In 1899 she was one of a group of seven sisters from the order who went to Taiyuan, China, arriving on 4 May 1899, to set up an orphanage at the mission there under bishop Gregorio Grassi. As she had done in Austria the sisters had to learn a new language and culture. The other six sisters came from Belgium, France and the Netherlands although Sister Maria Chiara Nanetti was also Italian. She was the youngest of the sisters and she served as assistant to the Mother Superior, Marie-Hermine of Jesus. It was the Mother Superior who is reported to have protested that the sisters should not be denied the sacrifice of dying for their faith on 27 June 1900. She argued that they should be allowed to stay when the level of threat to the community rose and the Bishops advised that the sisters should change into local clothes and escape.

On 5 July 1900, during the Boxer Rebellion, the Christians at the mission were ordered to renounce their faith or face death; at 4pm on 9 July the priests, religious sisters, seminarians and Christian lay workers were all killed, in what is known as the Taiyuan massacre.

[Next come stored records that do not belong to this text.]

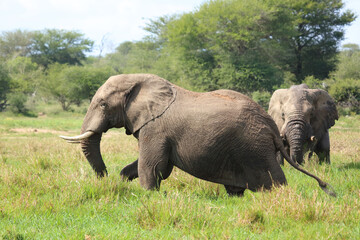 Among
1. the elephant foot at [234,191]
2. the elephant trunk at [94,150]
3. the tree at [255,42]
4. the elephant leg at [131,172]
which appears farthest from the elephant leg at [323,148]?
the tree at [255,42]

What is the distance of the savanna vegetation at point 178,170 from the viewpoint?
3711mm

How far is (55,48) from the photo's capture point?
2472 inches

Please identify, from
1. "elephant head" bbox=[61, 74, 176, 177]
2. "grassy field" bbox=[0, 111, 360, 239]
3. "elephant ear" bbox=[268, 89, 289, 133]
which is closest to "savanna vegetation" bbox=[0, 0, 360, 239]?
"grassy field" bbox=[0, 111, 360, 239]

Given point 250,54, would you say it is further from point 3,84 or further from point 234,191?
point 234,191

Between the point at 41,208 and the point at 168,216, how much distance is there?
4.43ft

Marie de la Paix and her six fellow sisters were referred to as the "Martyrs of Shanxi" and it was said that they had been beheaded. They became saints after they were beatified by Pope Pius XII in 1946 and then later canonised by Pope John Paul II on 1 October 2000 among a group of 120 Martyr Saints of China.

She is referred to by several other versions of her name including Mary of Peace, Maria of Peace and Mary Ann (rather than Marianna) Giluiani.